Go over the lines below, and when one contains the word "Steel", copy it.

** Opening Data for processing block **

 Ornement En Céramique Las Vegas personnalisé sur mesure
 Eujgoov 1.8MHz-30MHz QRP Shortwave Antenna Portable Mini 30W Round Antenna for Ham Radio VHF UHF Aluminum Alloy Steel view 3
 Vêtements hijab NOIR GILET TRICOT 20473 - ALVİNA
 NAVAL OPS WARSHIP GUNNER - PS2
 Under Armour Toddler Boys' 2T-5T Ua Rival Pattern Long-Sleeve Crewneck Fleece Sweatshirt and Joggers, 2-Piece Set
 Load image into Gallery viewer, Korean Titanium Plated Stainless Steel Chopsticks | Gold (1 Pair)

** Closing Data for processing block **
** Opening Data for processing block **

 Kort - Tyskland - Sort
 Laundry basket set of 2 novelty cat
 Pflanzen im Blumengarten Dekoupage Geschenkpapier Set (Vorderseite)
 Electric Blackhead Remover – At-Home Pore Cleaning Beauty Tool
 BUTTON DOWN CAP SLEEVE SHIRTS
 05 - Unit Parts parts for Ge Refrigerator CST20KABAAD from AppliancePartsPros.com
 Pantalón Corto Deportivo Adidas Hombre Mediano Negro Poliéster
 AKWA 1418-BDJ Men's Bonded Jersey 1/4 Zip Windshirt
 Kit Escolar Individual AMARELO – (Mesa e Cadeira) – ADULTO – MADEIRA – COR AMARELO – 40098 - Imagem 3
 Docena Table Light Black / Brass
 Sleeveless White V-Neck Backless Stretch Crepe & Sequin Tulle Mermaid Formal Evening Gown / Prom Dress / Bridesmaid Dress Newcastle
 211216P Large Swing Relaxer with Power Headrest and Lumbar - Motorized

** Closing Data for processing block **
** Opening Data for processing block **

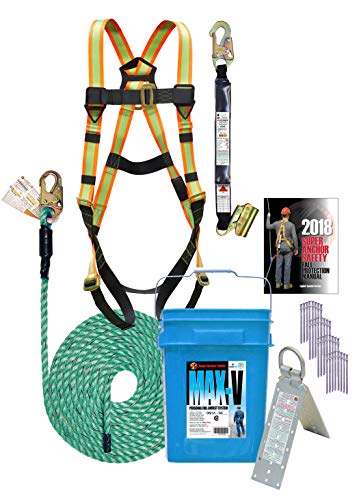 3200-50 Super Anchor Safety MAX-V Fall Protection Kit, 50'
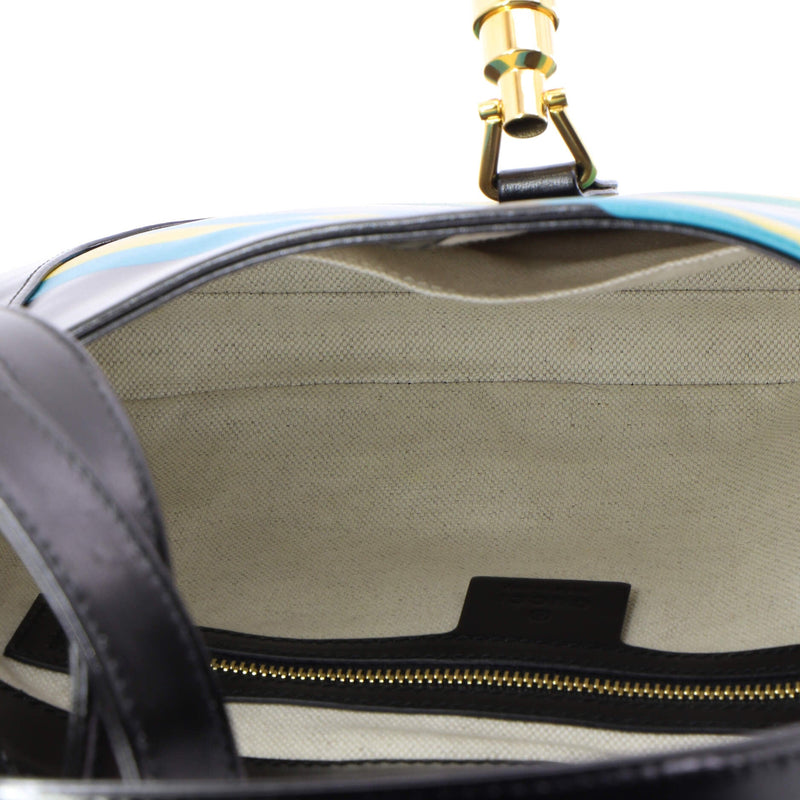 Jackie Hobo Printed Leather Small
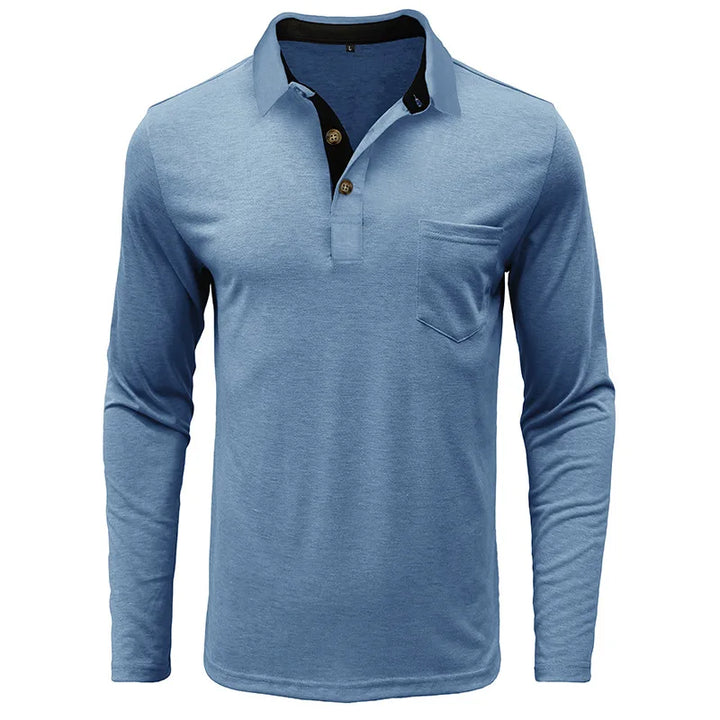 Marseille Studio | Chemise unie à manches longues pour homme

** Closing Data for processing block **

Result of this task:
 Eujgoov 1.8MHz-30MHz QRP Shortwave Antenna Portable Mini 30W Round Antenna for Ham Radio VHF UHF Aluminum Alloy Steel view 3
 Load image into Gallery viewer, Korean Titanium Plated Stainless Steel Chopsticks | Gold (1 Pair)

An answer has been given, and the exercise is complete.